Istio is the best-known and most popular Service Mesh. Its control plane is written in Go and it uses Envoy as its proxy. Similar to Kubernetes it’s maybe more of a platform than a polished product, so the learning curve can be steep and installation can be tricky, but it has got a lot better in recent releases. Istio is an open-source project and has the biggest support backing with both community and third-party commercial offerings. There are even Istio “distributions” now from vendors such as Tetrate and Solo.
Linkerd is another long-established Service Mesh. Note that there was originally a Linkerd 1, which was architecturally very different and had some serious shortcomings. The current Linkerd 2 (neé Conduit) is a solid modern product with a Go control plane and a bespoke Rust proxy. It’s open-source with commercial support offered by the vendor Buoyant.
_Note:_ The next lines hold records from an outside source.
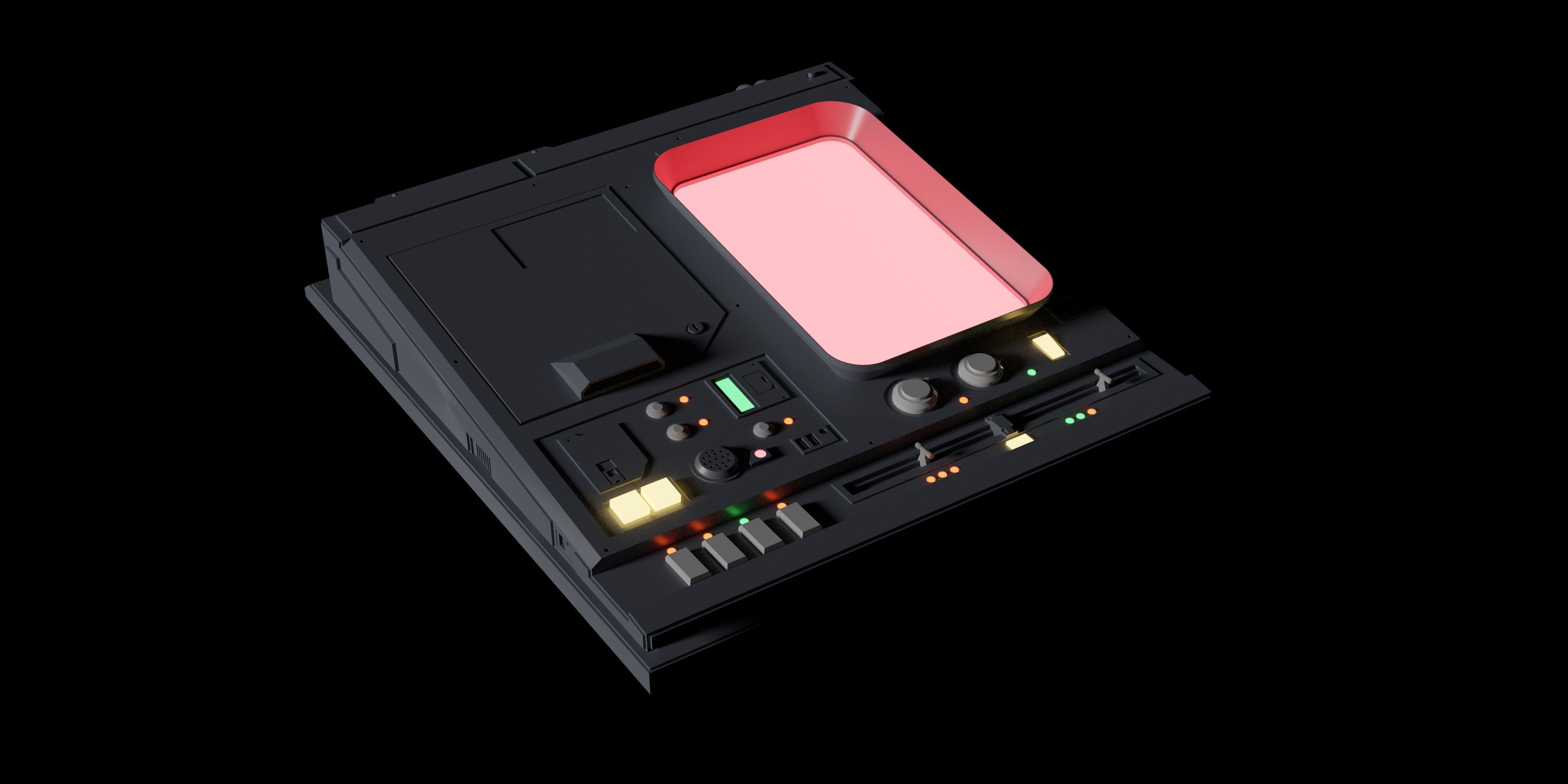 4 Sci-Fi Computers - Control Panels Pack 3D model | CGTrader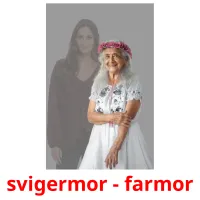 svigermor - farmor flashcards illustrate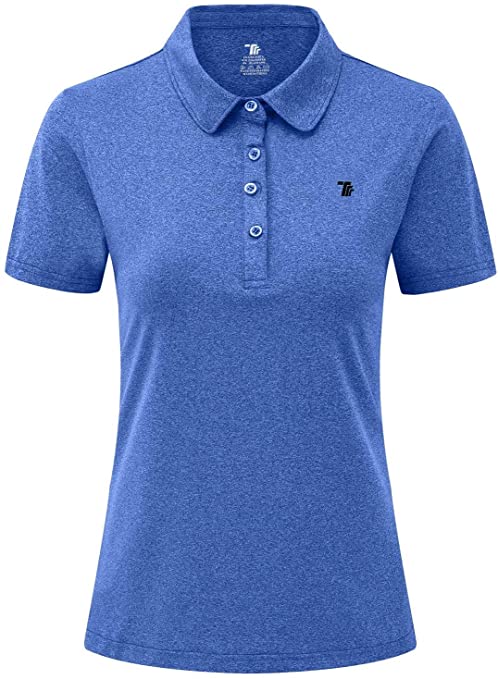 Rdruko Womens Dri-Fit Moisture Wicking Golf Polo Shirts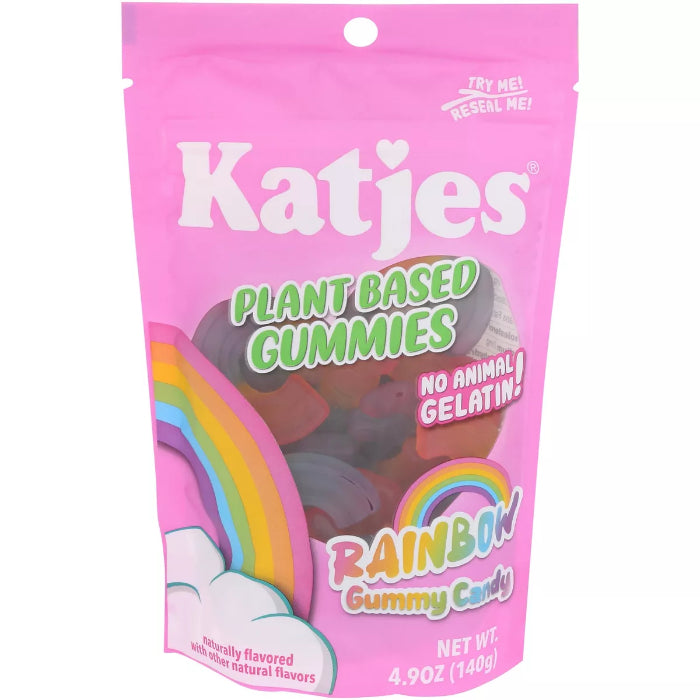KATJES - Plant-Based Rainbow Gummy 4.9OZ ( Pack of 15)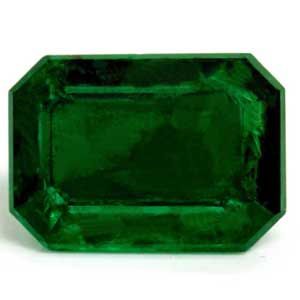 Szmaragd 1,27 ct, zielony, szlif szmaragdowy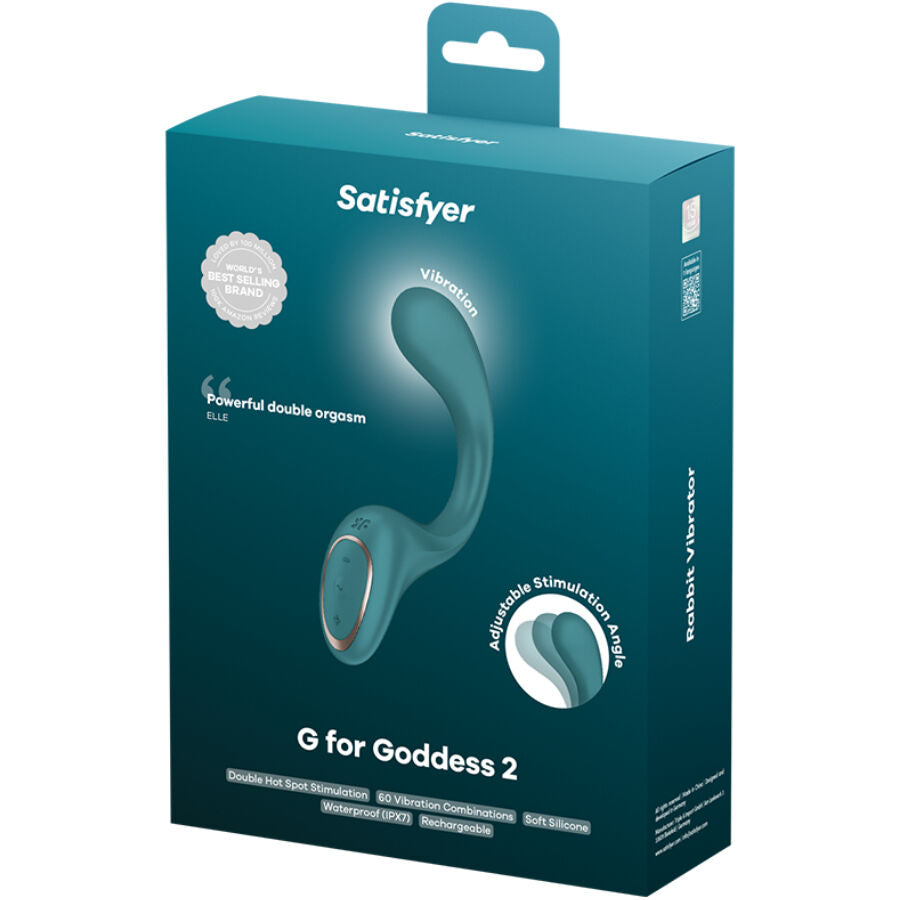 G For Goddess 2 Rabbit Vibrator Azul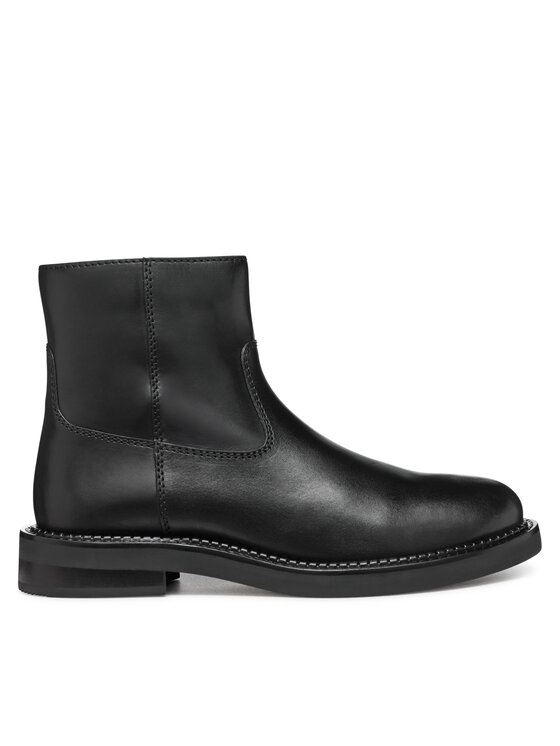 Geox Geox Polokozačky D Serilda D46WYB 00043 C9999 Černá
I will mention two more specific Service Meshes though. Cilium from Isovalent is a Kubernetes cluster network (a CNI plugin), equivalent to things like Calico and Flannel. They have a Service Mesh offering in beta which is vertically integrated with their cluster network. Both the cluster network and Service Mesh layers make heavy use of eBPF, which performs a lot of the Layer 7 operations I’ve talked about. Pods don’t need sidecars, as eBPF in the kernel takes on most of the work previously done by the proxy, which improves performance and reduces resource usage. Cilium currently runs one Envoy per Node, to which traffic is sent if it needs treatment eBPF can’t provide, as it’s not infinitely flexible.Original image from https://cilium.io/blog/2021/12/01/cilium-service-mesh-beta - used with permission.
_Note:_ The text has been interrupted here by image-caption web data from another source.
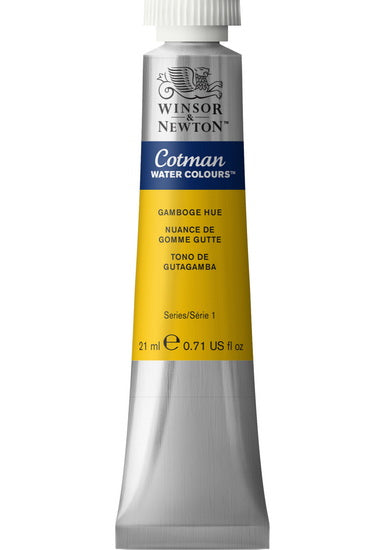 Aquarelle cotman - 21ml - nuance de gomme-gutte - s1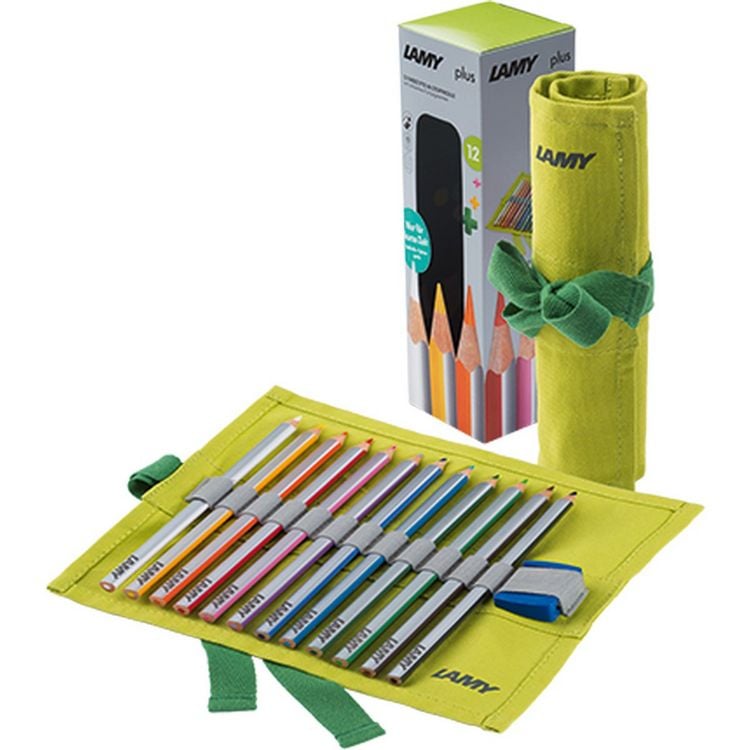 Produktbild: Lamy Farbstiftrolle plus 12 Farben inklusive Spitzer Z 83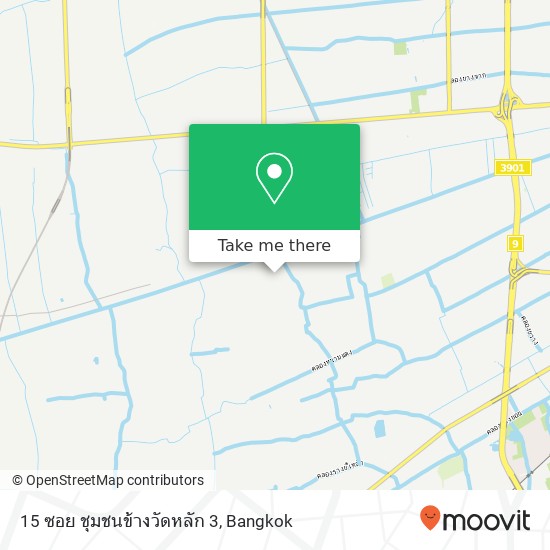 15 ซอย ชุมชนข้างวัดหลัก 3 map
AWS AppMesh is a proprietary product using the Envoy proxy. It’s tightly integrated with other AWS services like CloudWatch, and is able to provide sidecars to ECS/Fargate workloads as well as Kubernetes Pods, although currently not lambdas.
This landscape might appear big and disparate but there are some common themes. As I mentioned, a lot of these Service Meshes use Envoy as their proxy. Envoy is extensible meaning it can be loaded with new load balancing strategies or taught to parse new Layer 7 protocols. Extensions are provided as Web Assembly binaries so they can be written in a number of languages which compile to WASM. These extensions are thus reusable across many meshes (although the ease of loading them into the proxies varies between meshes), and ongoing core Envoy development benefits all. There’s also a standard for Service Mesh APIs, the Service Mesh Interface (SMI), which is vendor agnostic allowing both products like Flagger to work with any mesh which implements it without the need for additional code, and individual developers to use Service Mesh technology without lock-in to a specific implementation. Several of the big meshes implement SMI, but notably Istio doesn’t.
Service Meshes add powerful features to an often unconsidered part of Kubernetes clusters: the network. Layer 7 observability, sophisticated traffic routing, and solid security can all be factored out of application microservices and instead configured as network functions. Or, perhaps more realistically, a Service Mesh can easily add them to apps that never had them in the first place. New innovations, like WASM Envoy plugins and sidecar-less eBPF meshes, are moving the space further forwards all the time. However there are already several well-established Service Mesh projects which offer an easy route to all these benefits today. Deploying a Service Mesh unlocks even more value in the projects now built on top of them, like the Flagger progressive delivery operator. They can be incrementally adopted (Kubernetes labels are used to opt in one Namespace or even just one workload) meaning you can start safely experimenting today.